Alguns governos, ainda, atuam de forma oposta aos Escritórios, através da imposição de restrições durante as visitas e pesquisas de campo, o que limita as possibilidades dos Relatores de compreender plenamente a realidade do país e dar recomendações diretas e úteis. Inclusive, há registros de um debate que teria ocorrido dentro do Conselho de Direitos Humanos das Nações Unidas, no qual os Estados teriam tentado abolir os procedimentos específicos do país, especialmente aqueles que visam proteger os direitos civis e políticos.
Em relação à eficácia no combate ao conteúdo de ódio nas mídias sociais, a Relatoria Especial tem historicamente direcionado esforços para solucionar essa urgente problemática, como demonstrado nesta pesquisa. No entanto, é fato que os Escritórios não têm uma visibilidade global e, consequentemente, não recebem os créditos por seus trabalhos. Por exemplo, é provável que muitos países e plataformas privadas online realmente levem as recomendações do Relator para suas legislações nacionais ou códigos de conduta, mas os Procedimentos Especiais não são mencionados como autores das diretrizes. Por outro lado, é possível observar um padrão nas políticas internas das mídias sociais que condiz com as recomendações apresentadas ao longo dos anos, que se baseiam em instrumentos jurídicos internacionais do Marco das Nações Unidas, como o Pacto Internacional sobre Direitos Civis e Políticos e a Declaração Universal dos Direitos Humanos.
Por conseguinte, é impossível atestar a verdadeira eficácia do Procedimento Especial vez que os Estados-membros não vinculam especificamente a criação de suas legislações internas sobre o hate speech às normas internacionais proferidas pelo Sistema Universal e, da mesma forma, as plataformas privadas não creditam os Relatores em seus códigos de conduta internos que proíbem conteúdos odiosos.

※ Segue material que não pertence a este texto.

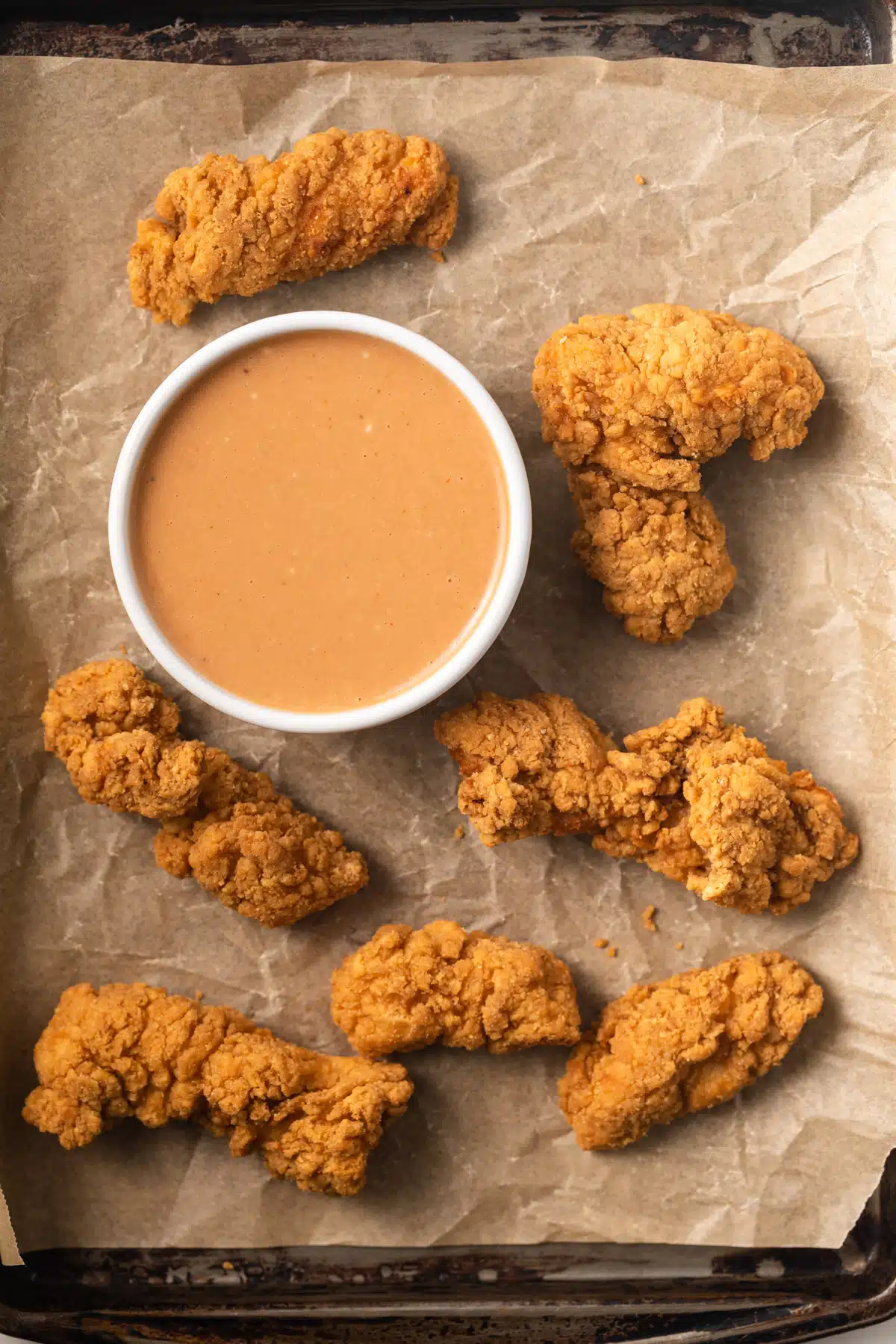 Chicken nugget dipping sauce in white bowl with chicken nuggets scattered around.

Reconhece-se, também, que embora existam claramente desafios para que as Relatorias Especiais cumpram uma eficácia prática que o quadro poderia proporcionar, os vários Relatores trabalham diariamente com questões globais, nacionais e internacionais de direitos humanos, o que é essencial para a promoção da investigação e da definição de normas para o quadro de proteção. Assim, eles têm influência significativa na elaboração, interpretação e implementação da lei de direitos humanos e estabeleceram um mecanismo flexível que aproximou o trabalho das Nações Unidas dos indivíduos em todo o mundo.
Ressalta-se, portanto, a imprescindibilidade de melhorias nos mecanismos da Relatoria Especial para Promoção e Proteção da Liberdade de Expressão, objetivando alcançar sua máxima eficácia na orientação de autoridades públicas e privadas a fim de combater o discurso de ódio nas redes sociais. Em destaque, a necessidade de maior fiscalização e vinculação dos Estados-membros, além da autonomia do Procedimento em fazer um julgamento objetivo da situação do país sem a interferência do mesmo, e necessidade de envolvimento a nível nacional com os atores políticos nacionais e a sociedade civil. Por fim, entende-se que os motivos para a eficácia pouco expressiva dos Procedimentos compartilham da mesma origem das críticas ao soft-law, de modo que as Relatorias Especiais tendem a avançar junto com a iminente evolução do Direito Internacional.